Antes de existirem as redes sociais na internet, havia enorme veneração e respeito por quem tinha acesso ao espaço público da escrita, por exemplo, em jornais. Escrever e publicar um artigo de jornal era um feito digno da maior admiração e inveja. Nunca era exactamente pelo conteúdo do artigo, mas pelo facto de este ter sido publicado. E as pessoas diziam, "lá vai fulano, que publica artigos no jornal". Sabendo-se lido pela comunidade, naquele dia fulano podia entrar no café um pouco mais inchado. "Vossa Excelência leu o meu artigo no jornal? Pois eu digo lá que o governo é uma vergonha".
É fácil perceber que em dez anos a internet mudou isto tudo. As redes sociais democratizaram o acesso à escrita pública e, como acontece em todas as grandes aberturas democráticas, há os habituais abusos: as pessoas aproveitam para banalizar a sua nova liberdade, trocando mexericos, em vez de ideias que possam resistir até à edição seguinte.
A democracia incomoda os poderes e, no caso dos blogues, a crítica dos comentadores que tinham acesso exclusivo à escrita pública centra-se na agressividade do discurso dos recém-chegados. Curiosamente, estes comentadores esquecem que a imprensa mudou muito nos últimos cem anos, devido à concentração de títulos. Onde havia 30 ou 40 diferentes títulos, na sua maioria panfletários, há agora cinco ou seis, todos muito certinhos. A opinião nos jornais tornou-se profissional e séria, mas menos diversa e também menos combativa. As polémicas desapareceram por completo.
Daí que as redes sociais, a blogosfera em primeiro lugar, tenham preenchido o crescente vazio da chamada comunicação social. Não haverá muitos Cíceros, mas hoje, qualquer pessoa alfabetizada pode ter um blogue e escrever o que pensa. A dificuldade está na escolha e há fenómenos próprios do meio, como por exemplo o efeito bola-de-neve que dá excesso de visibilidade a autores menores. Por vezes, a diversidade mais parece a que existe nos hipermercados, algo ilusória, em que há dez marcas do mesmo produto, sempre com o mesmo fabrico e preços finais diferentes.
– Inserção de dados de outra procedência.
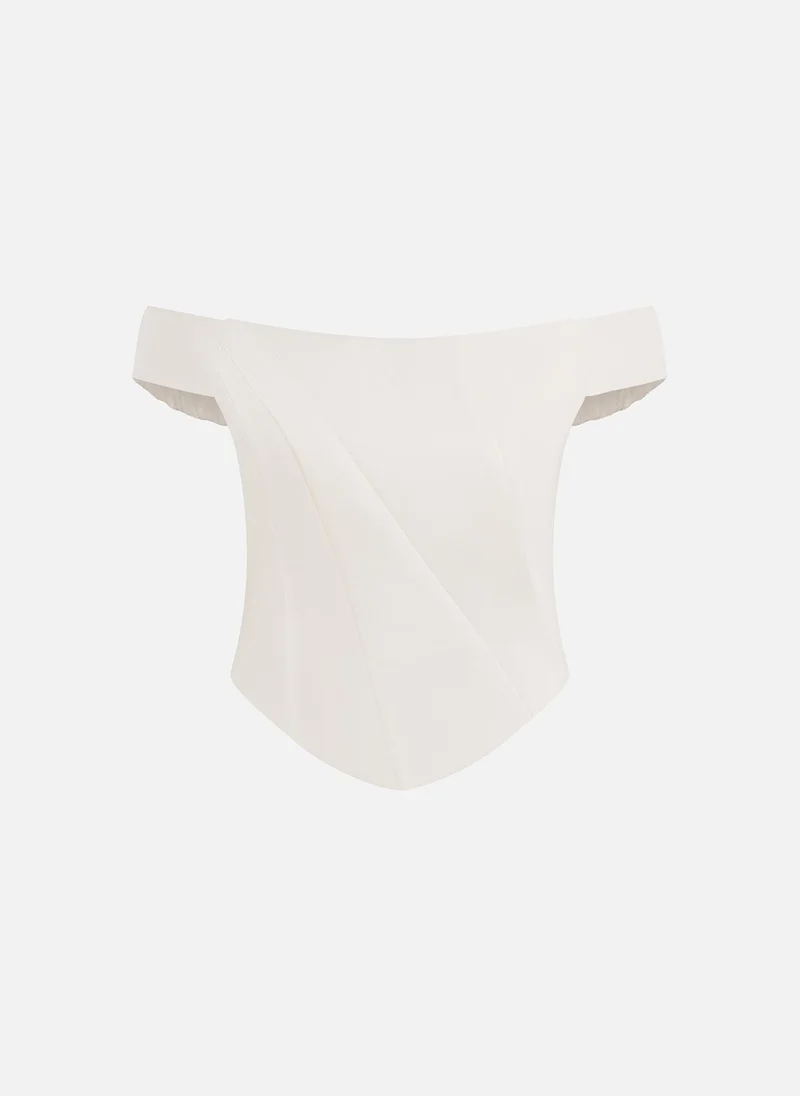 Lichi  Satin corset top with asymmetrical boning for Women | Best Price UAE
Mas por muitas ilusões que as redes sociais tragam, por muitas desilusões, existe uma democratização do espaço público da escrita, o acesso à voz do cidadão, uma partilha de ideias alargada. Sim, circula muita banalidade. E qual é o problema? Não eram afinal também banais aqueles artigos muito importantes que já toda a gente esqueceu? E não é a nossa vida, afinal, uma sucessão de interessantes banalidades?
É por na vida existirem tantas banalidades que precisamos de algo melhor e que não seja banal. Está visto que nas redes sociais é cada vez mais difícil de conseguir alcançar isso.